James Woodward in the US has been boldly experimenting with capacitors which appear to show thrust since the 1990s. I was recently reading about one of them, and to me it looks very much like the emdrive. Also, as I will show tentatively below, the thrust from it can be predicted quite well by quantised inertia, in a far simpler way to Woodward's own explanation which mis-predicts the thrust by several orders of magnitude (ie: I admire his experiments, but I do not accept his theory).
Woodward's thrusters or Mach Effect Thrusters (see Mahood, 1999, Tajmar, 2017) typically look like the image below. An AC current is input into a capacitor (the vertical black lines) making an EM field. There is a dielectric in between (yellow) or sometimes to the side, which is a piezo-electric material (PZT) that vibrates when the EM field is applied. The setup is asymmetric because there is a heavy reaction mass (plate), here shown on the left.
Quantised inertia predicts that this contraption should move towards the end with the large brass plate (just as it is observed to do) just as the emdrive moves towards its narrow end, because in both cases Unruh waves are more damped at the end with the massive plate, so photons of the em field will always gain mass on going towards the wide end or the end with less metal, and so, to conserve momentum, the thruster itself must thrust left. The above also looks similar to the horizon drive.

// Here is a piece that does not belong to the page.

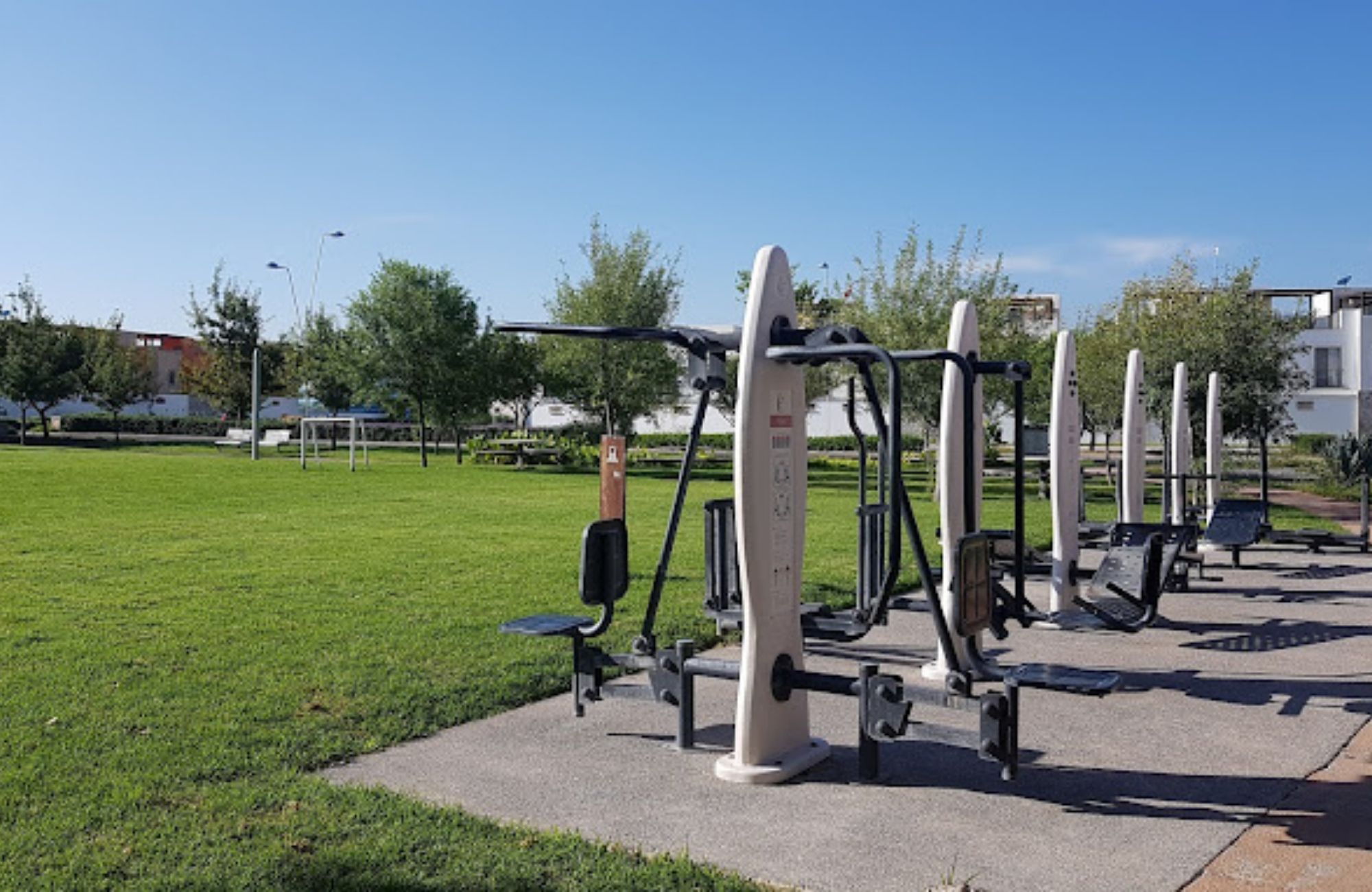 Lote de 13,854 m&sup2; en comunidad cerrada con campo de golf, en venta, San Miguel de Allende.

So, let's get a bit more quantitative. A simplified version of the QI thrust formula is
F=(PQL/c) x ((1/w1)-(1/w2))
where F is the thrust towards the end with the massive plate, P is the power input, Q is the quality factor, L is the length and w1 and w2 are the 'widths' of the cavity at the two ends (which affects the amount of Unruh-damping). Now, how can we model exactly the damping of the Unruh waves by the two end caps' thickness? I cannot yet do it in detail, but one way to do it, to predict the maximum thrust obtainable would be to assume that the thin brass cap on the right does not damp the Unruh waves, so the photon can see the cosmos and w2 = the Hubble scale. The other end, being thicker, does damp the Unruh waves so the width (w1) there is roughly the distance between the centre of the dielectric and the middle of the brass end plate. The particular experiment I will look at is Mahood (1999) for which L=0.025m and P=145 W. To estimate Q, I have had to use the dissipation constant of 2% given for another thruster in a report by March and Palfreyman (2006). So Q=2pi x 100%/2% = 314. The thrust toward the large plate end is then predicted (in a very crude way) by QI to be
F = (145 x 314 x 0.025 / 3x10^8) x (1/0.025 - 1/huge)
F = 15x10^-5 N
The observed thrust was 5x10^-5 N (Mahood, 1999) so the prediction by QI is not bad, and far better than Woodward's model which was several orders of magnitude out (according to Mahood, 1999). As expected from the assumptions, the QI prediction overestimates the thrust. This is obviously a very crude calculation, which is why I'm spouting it here, and not in a journal yet, but it is interesting that QI predicts this Mach Effect Thruster, and also of course the emdrive, galaxy rotation, cosmic acceleration...etc. The thruster may allow a new way to test QI, and could be an example of the horizon drive. I do need to look at the other thrusters because I believe some of them were not asymmetric, and build up a more statistically-significant results list for comparison with the predictions of QI.
Mahood, Thomas L. (February 1999). "Propellantless propulsion: Recent experimental results exploiting transient mass modification". AIP Conference Proceedings. Space Technology and Applications International Forum-STAIF 2000, Albuquerque, New Mexico. 458. American Institute of Physics. pp. 1014–1020. Link
Tajmar,M., 2017. Mach-effect thruster model. Acta Astronautica, 141, 8-16.
March, P. and A. Palfreyman, 2006. The Woodward effect: math modelling & continued experimental verifications at 2 to 4 MHz. CP813, STAIF-2006.